Deuxièmement, nous allons inclure la préface écrite par l’historien allemand Reinhart Kosselleck, apparue dans l’édition allemande de 1982. D’après l’auteur, le travail effectué par Beradt a mis en évidence une nouvelle dimension anthropologique des rêves en tant qu’instruments qui nous permettraient de repérer, à partir des rêves recueillis parmi le peuple allemand, comment le régime totalitaire s’est instauré progressivement. En imprimant les récits oniriques qu’elle avait recueillis, Beradt est devenue une véritable narratrice de son époque. Nous ne pouvons faire moins qu’essayer de devenir nous-mêmes des narrateurs de son œuvre en tant qu’écrivaine, toujours ayant comme but la transmission des matériaux documentant cette histoire.
Du côté de la sociologie, nous allons introduire un texte écrit et publié dans la revue CRITIQUE en 1997 par Jean-Max Gaudillère intitulé Rêver en Situation Totalitaire, et de la même façon mais du côté de la philosophie, nous allons introduire aussi un écrit nommé Les rêves participent-ils de l’histoire ? de George Steiner, qui explore la place de rêves dans l'historiographie selon Freud, en nous permettant d'opposer le regard freudien au regard beradtien par rapport à la relation entre rêves et histoire.

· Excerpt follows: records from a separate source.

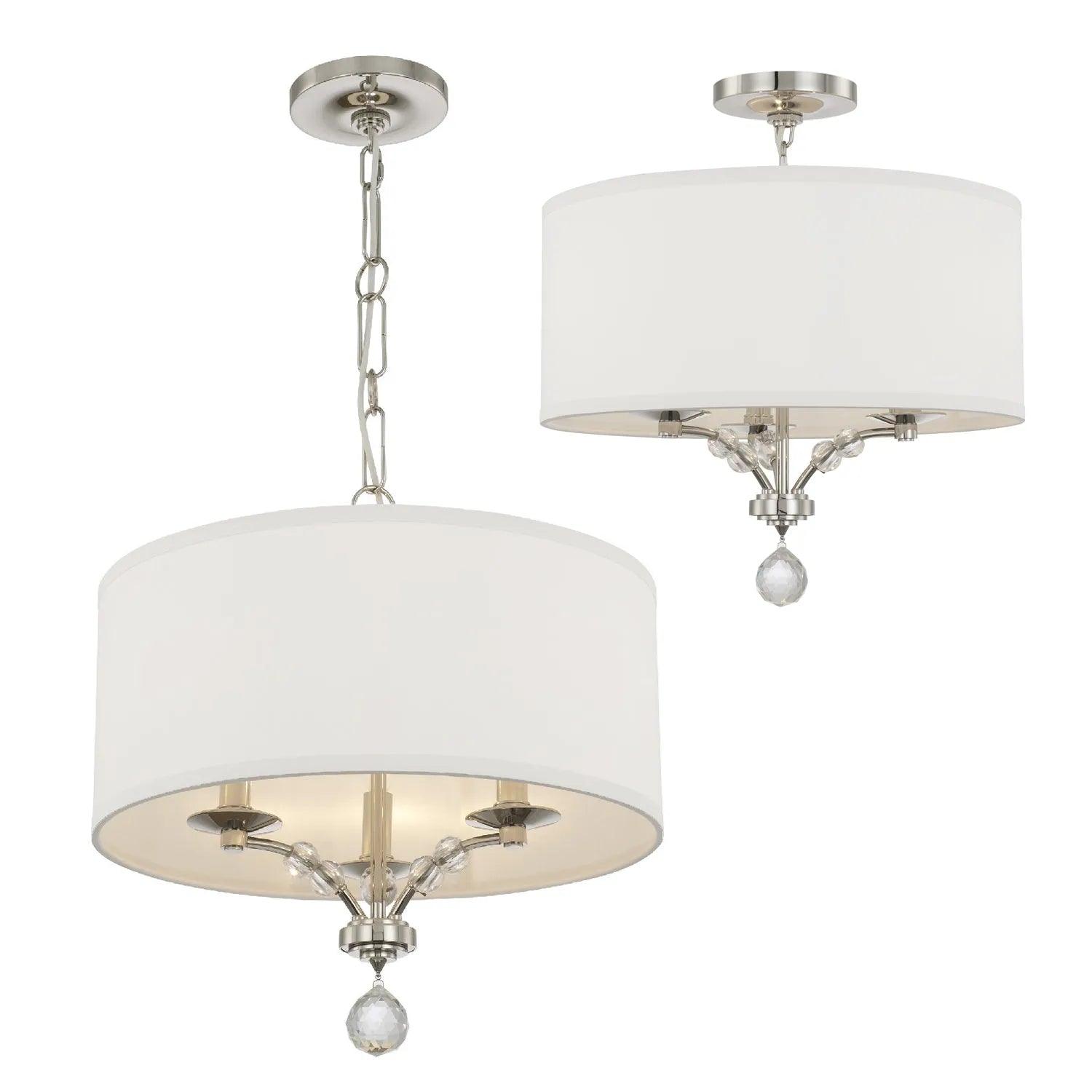 Crystorama - Mirage Three Light Chandelier - 8005-PN - Canada Light Shop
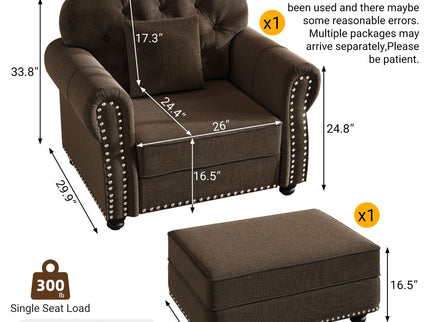 Sofa With Nailhead Trim And Rolled Armrests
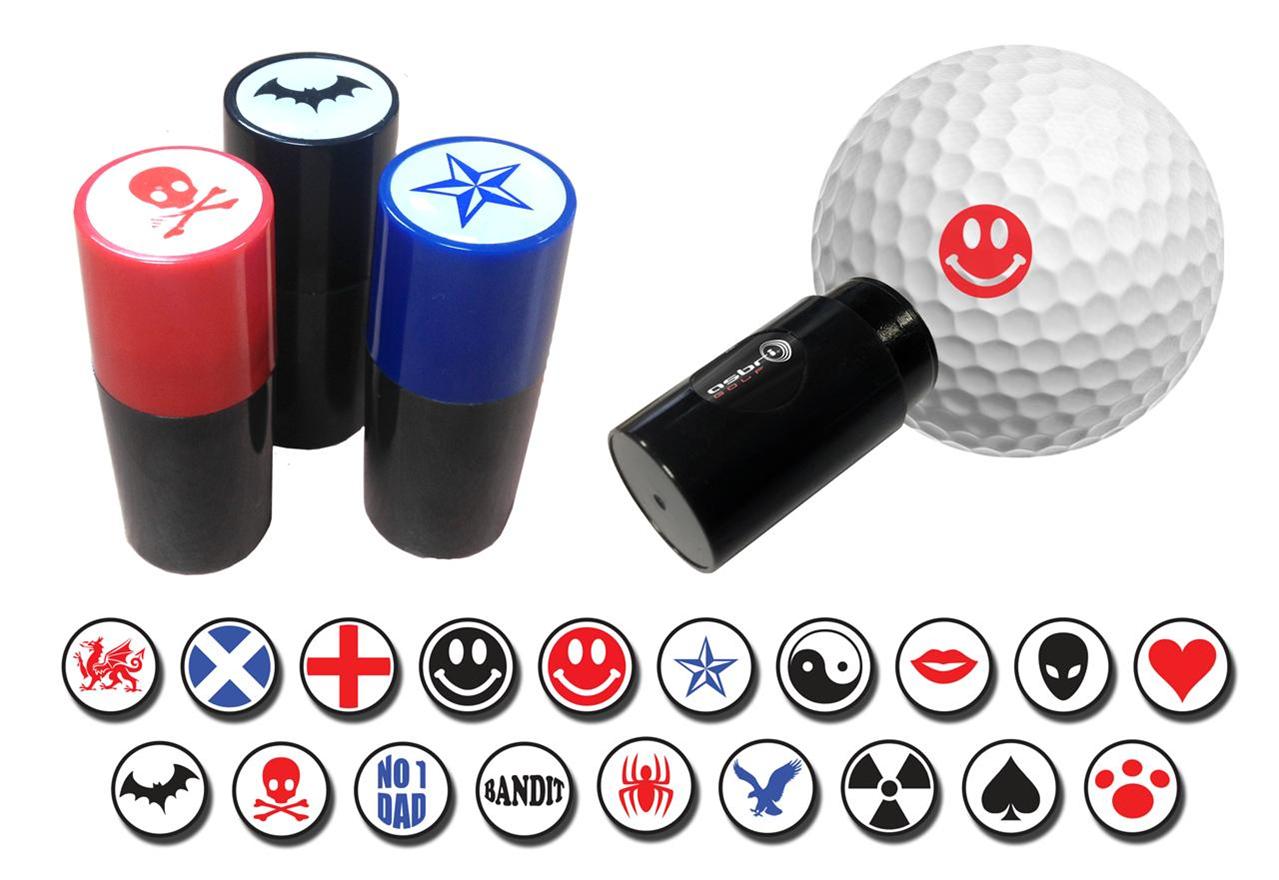 UNIQUE GOLF BALL STAMPER, GOLF BALL MARKER ,19 DESIGNS, GREAT GOLF GIFT OR PRIZE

Finalement, nous allons inclure la traduction de l’essai rédigé par le psychanalyste américain Bruno Bettelheim à l’égard de Rêver sous le IIIᵉ Reich, qui a été publié comme postface à l’édition anglaise. Le dernier des travaux de traduction que nous avons effectué est un archive écrit par Beradt elle-même, intitulé “Dreams Under Dictatorship” (“Rêver en dictature”), que nous allons introduire dans l'appendice de notre ouvrage.